SOURCE RECORDS ::
++++

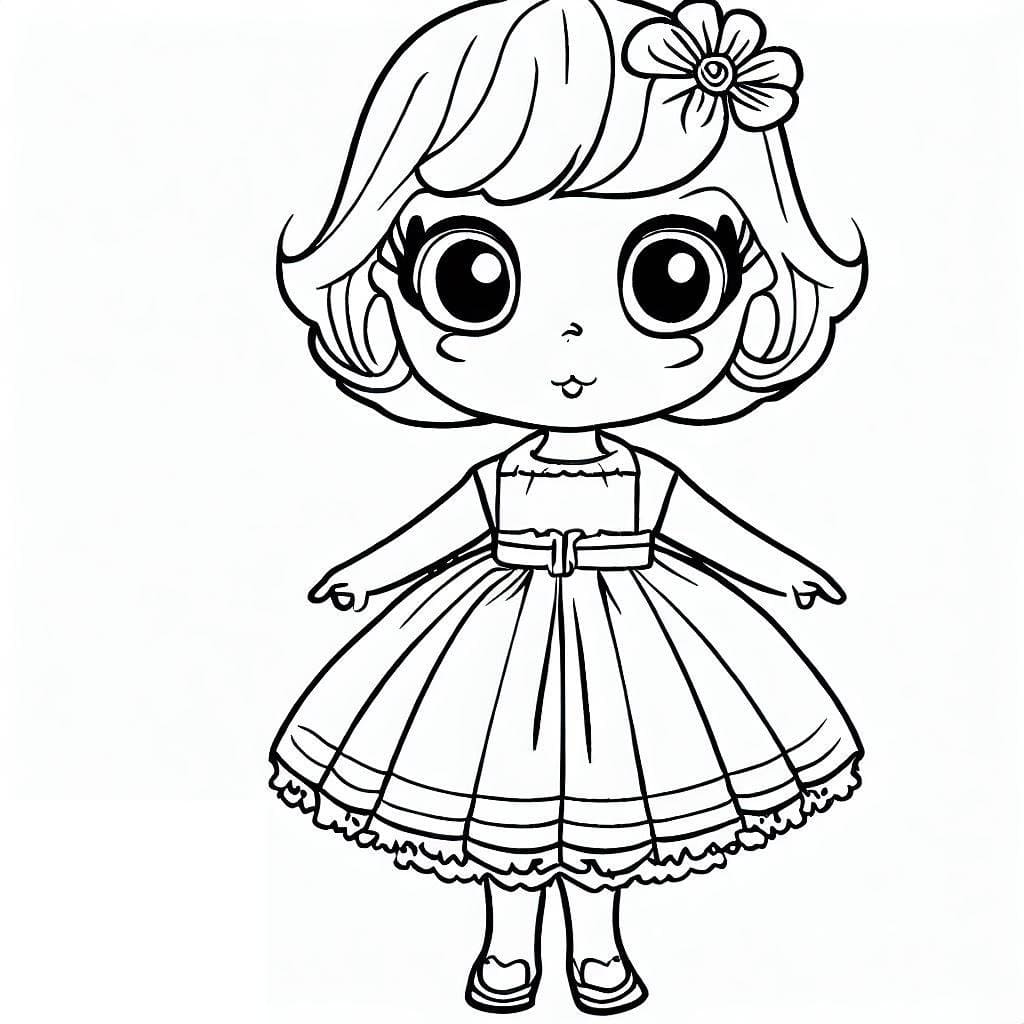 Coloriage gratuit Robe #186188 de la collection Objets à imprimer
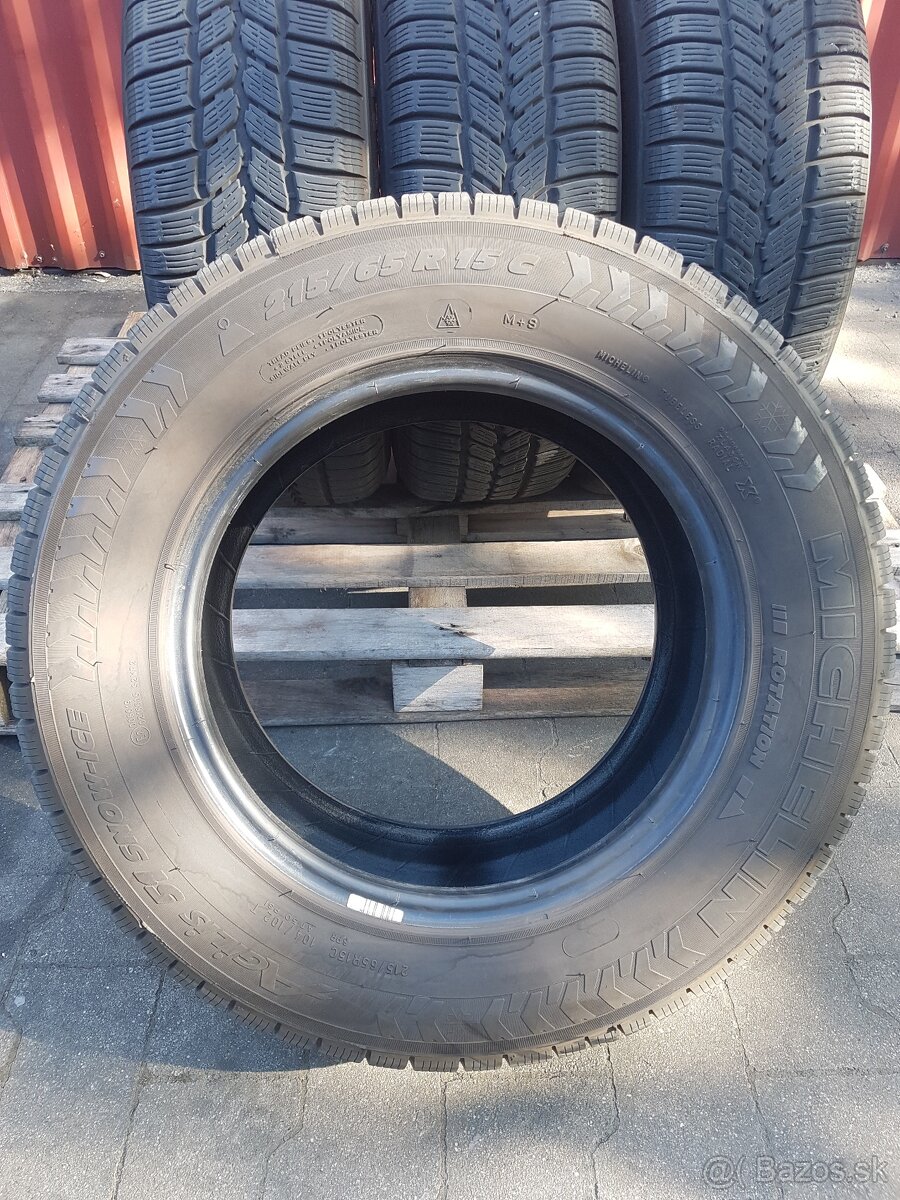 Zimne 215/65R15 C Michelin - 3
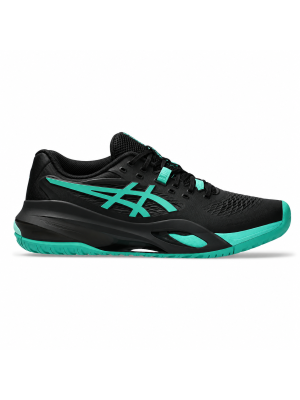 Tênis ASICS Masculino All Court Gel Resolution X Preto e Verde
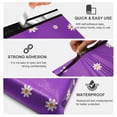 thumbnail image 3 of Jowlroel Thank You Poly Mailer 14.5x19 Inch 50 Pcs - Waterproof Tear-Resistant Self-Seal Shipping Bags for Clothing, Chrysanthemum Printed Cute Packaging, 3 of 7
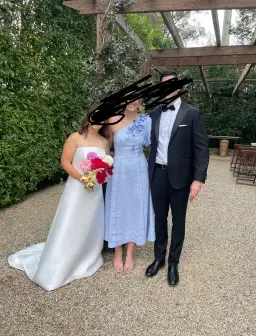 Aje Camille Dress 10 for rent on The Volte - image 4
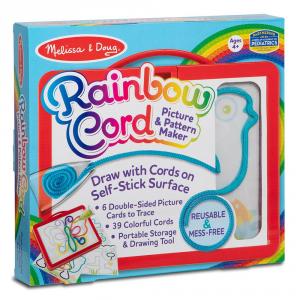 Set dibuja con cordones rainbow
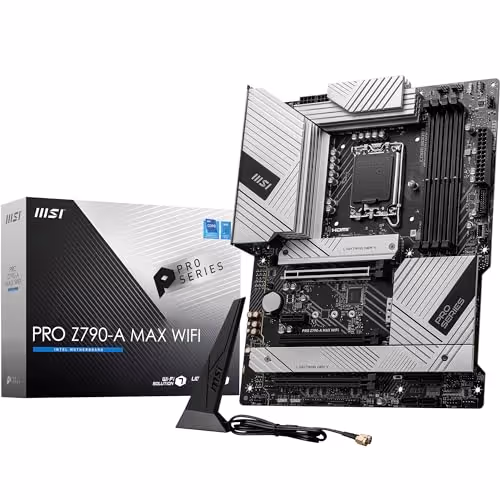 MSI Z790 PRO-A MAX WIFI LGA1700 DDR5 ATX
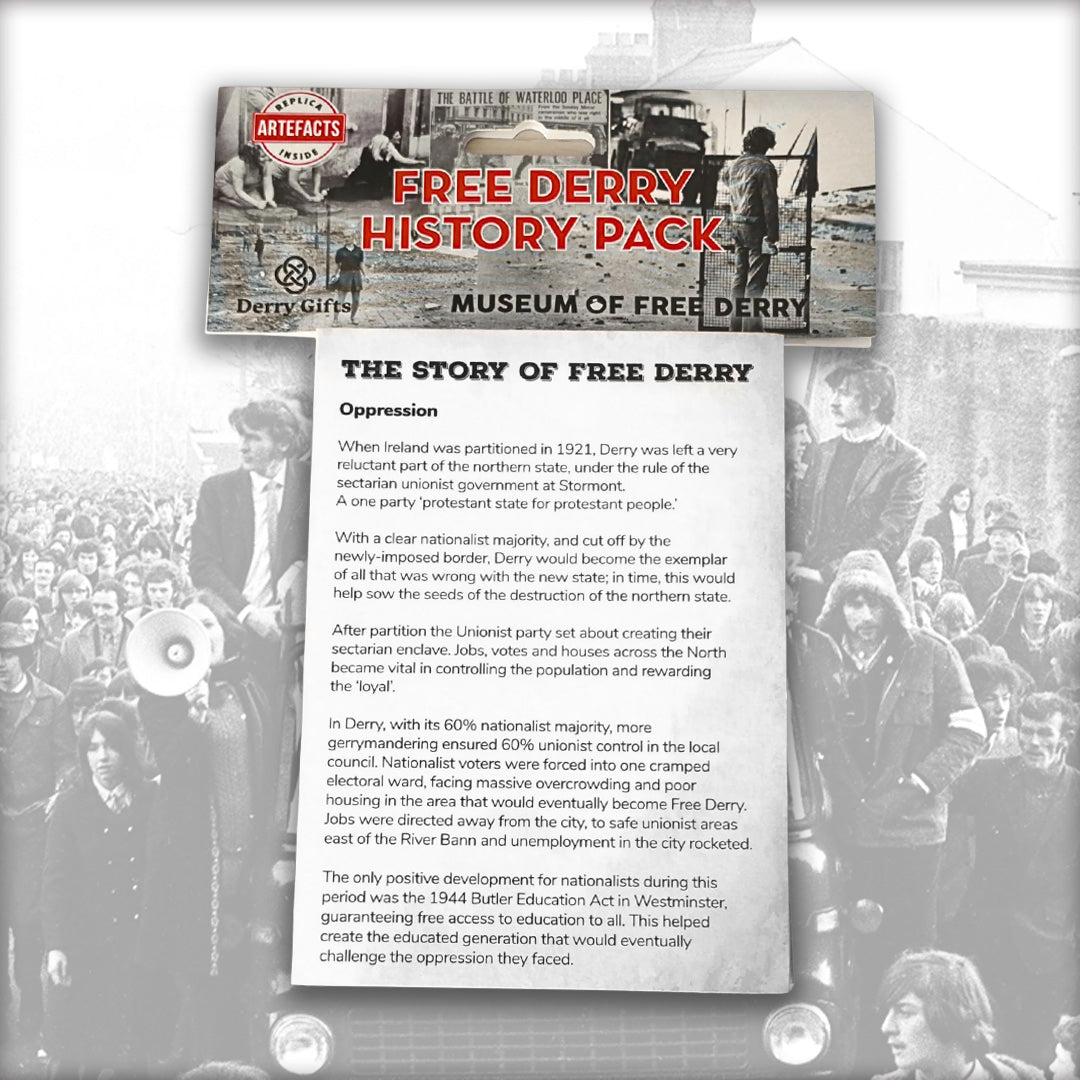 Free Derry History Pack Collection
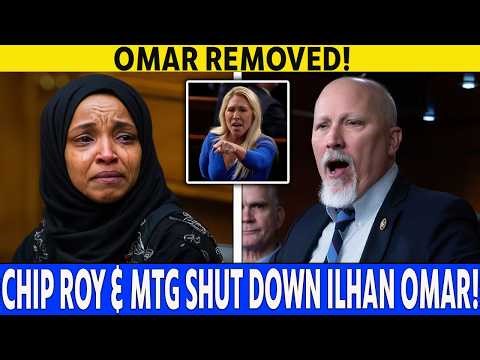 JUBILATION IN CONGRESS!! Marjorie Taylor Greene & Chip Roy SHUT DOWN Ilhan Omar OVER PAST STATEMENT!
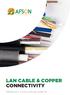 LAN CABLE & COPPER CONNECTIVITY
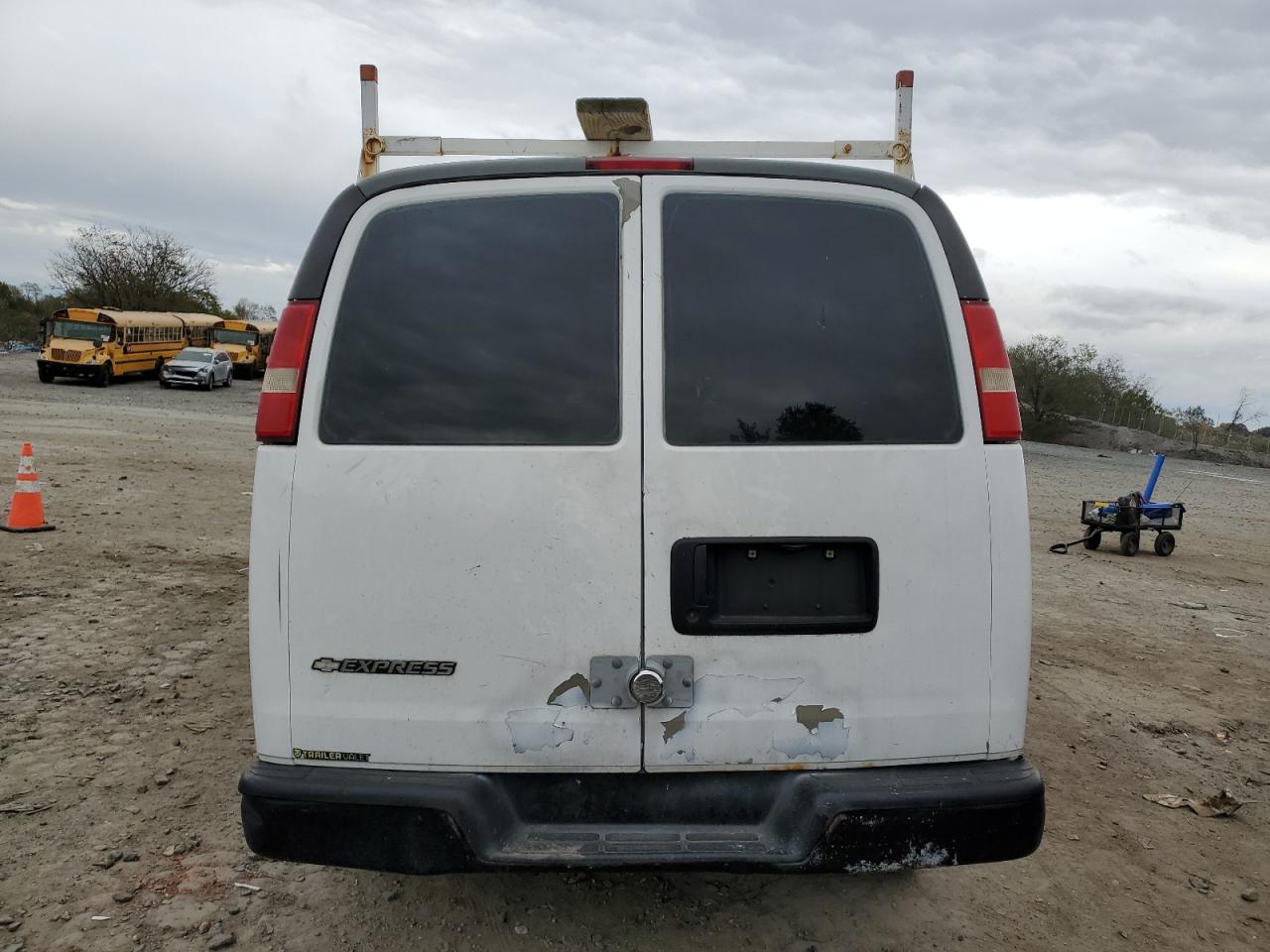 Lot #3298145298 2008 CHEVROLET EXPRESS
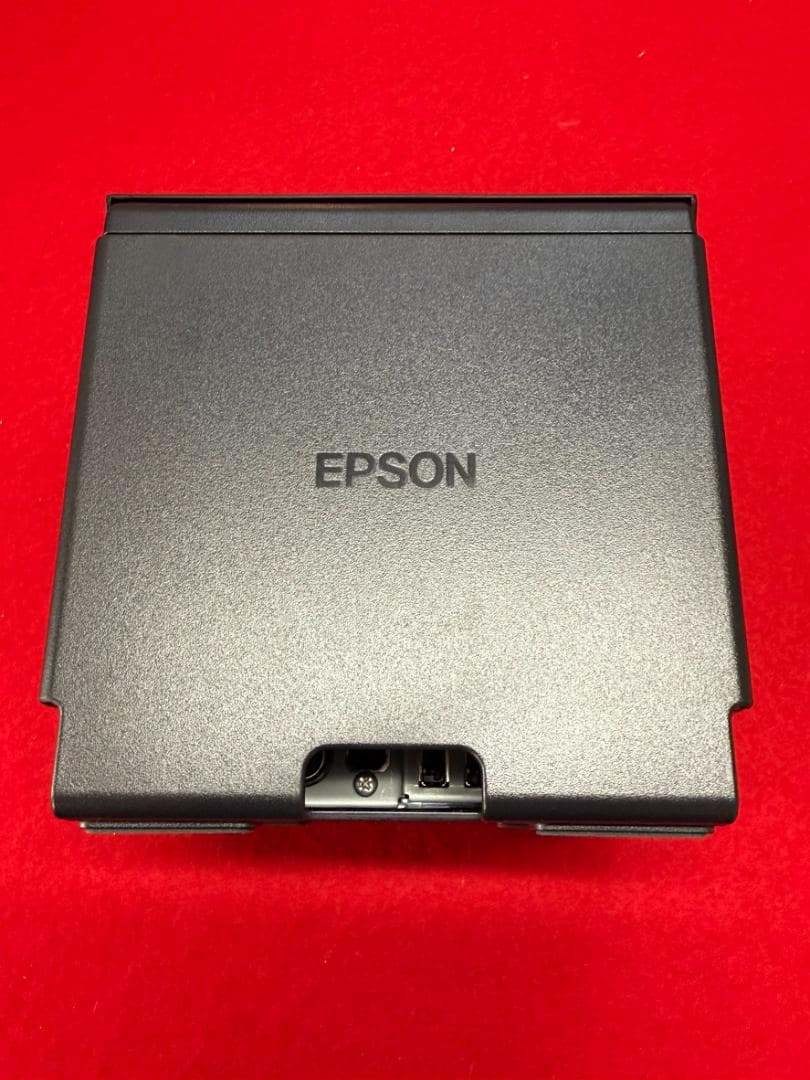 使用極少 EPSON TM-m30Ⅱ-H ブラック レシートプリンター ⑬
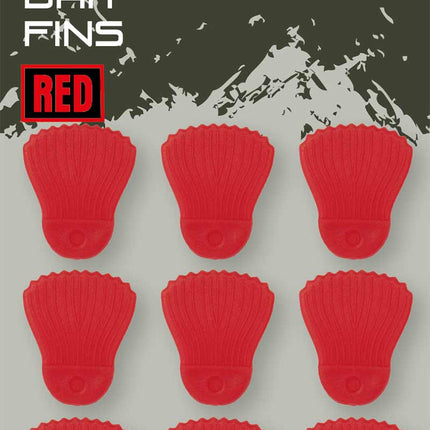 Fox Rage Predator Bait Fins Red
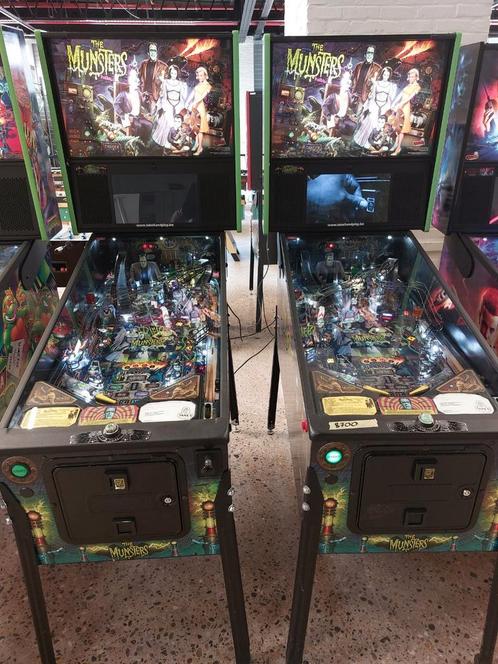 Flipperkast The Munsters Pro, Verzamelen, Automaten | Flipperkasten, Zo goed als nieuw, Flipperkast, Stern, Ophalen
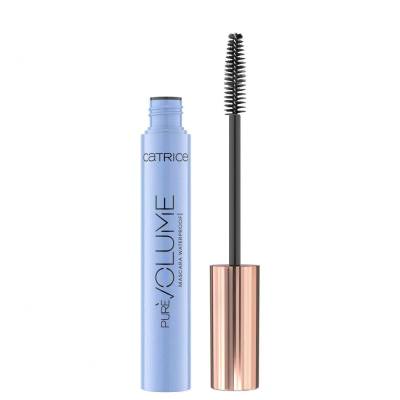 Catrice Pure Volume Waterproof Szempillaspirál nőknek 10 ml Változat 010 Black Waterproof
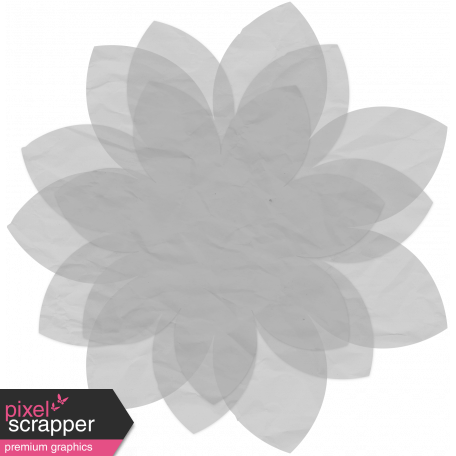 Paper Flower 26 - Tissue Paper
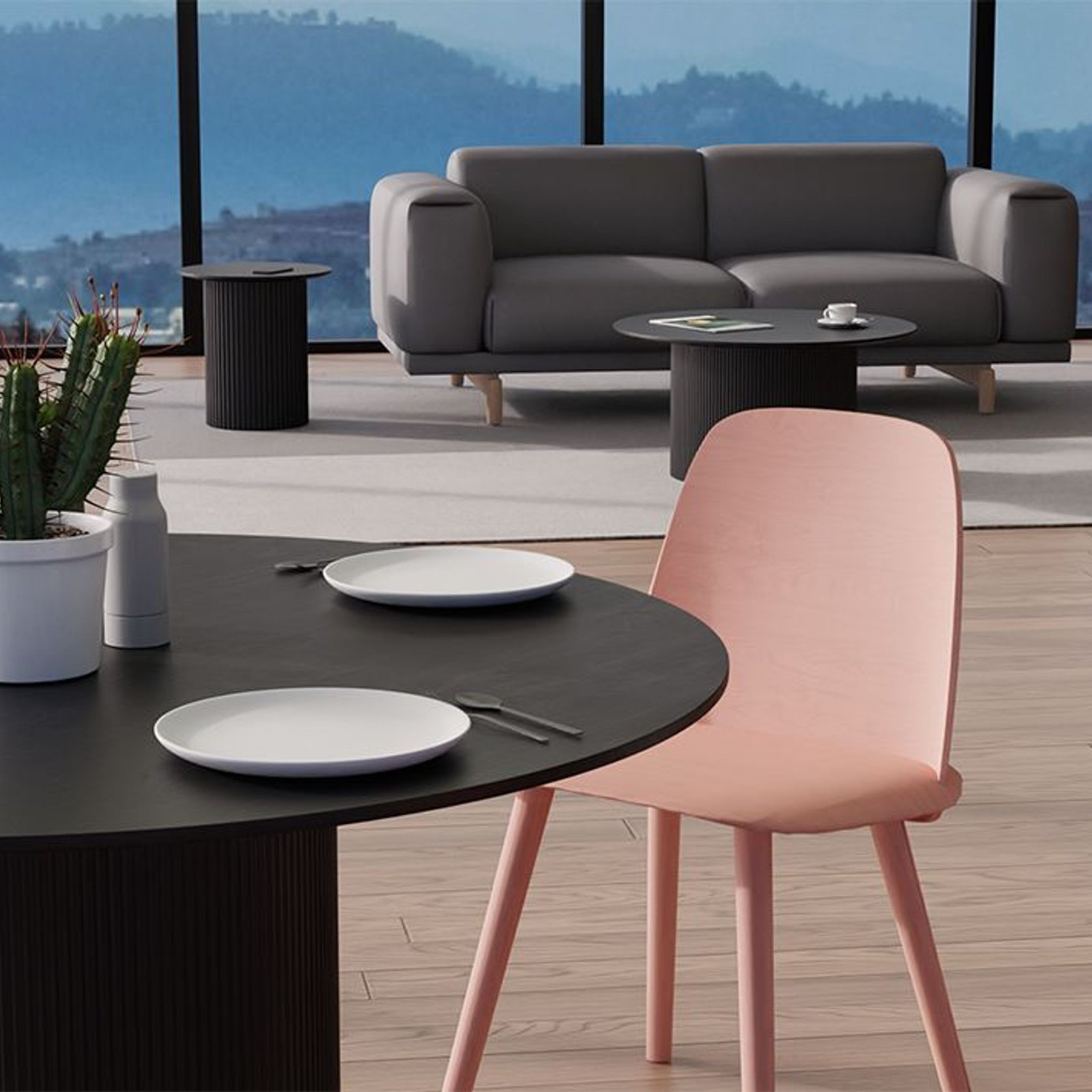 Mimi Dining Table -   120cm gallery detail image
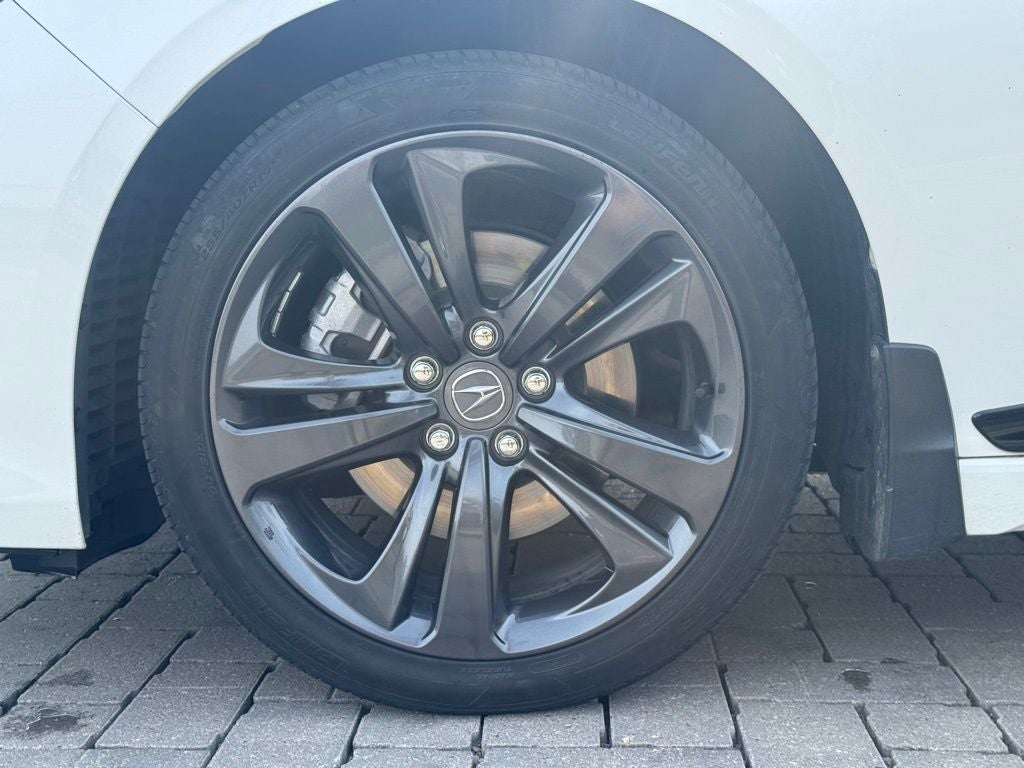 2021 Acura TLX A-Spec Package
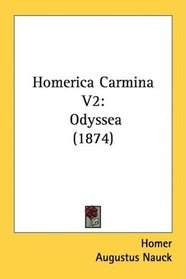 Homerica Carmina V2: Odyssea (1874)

++++

ASSIGNMENT ::
Your copy should hold exactly the lines from the one with "LAN CABLE & COPPER CONNECTIVITY" through the final line of the records, both ends included, and no pictures.

TASK OUTPUT ::
 LAN CABLE & COPPER CONNECTIVITY
 Lot #3298145298 2008 CHEVROLET EXPRESS
 使用極少 EPSON TM-m30Ⅱ-H ブラック レシートプリンター ⑬
 Fox Rage Predator Bait Fins Red
 Flipperkast The Munsters Pro, Verzamelen, Automaten | Flipperkasten, Zo goed als nieuw, Flipperkast, Stern, Ophalen
 Catrice Pure Volume Waterproof Szempillaspirál nőknek 10 ml Változat 010 Black Waterproof
 Paper Flower 26 - Tissue Paper
 Mimi Dining Table -   120cm gallery detail image
 2021 Acura TLX A-Spec Package
 Homerica Carmina V2: Odyssea (1874)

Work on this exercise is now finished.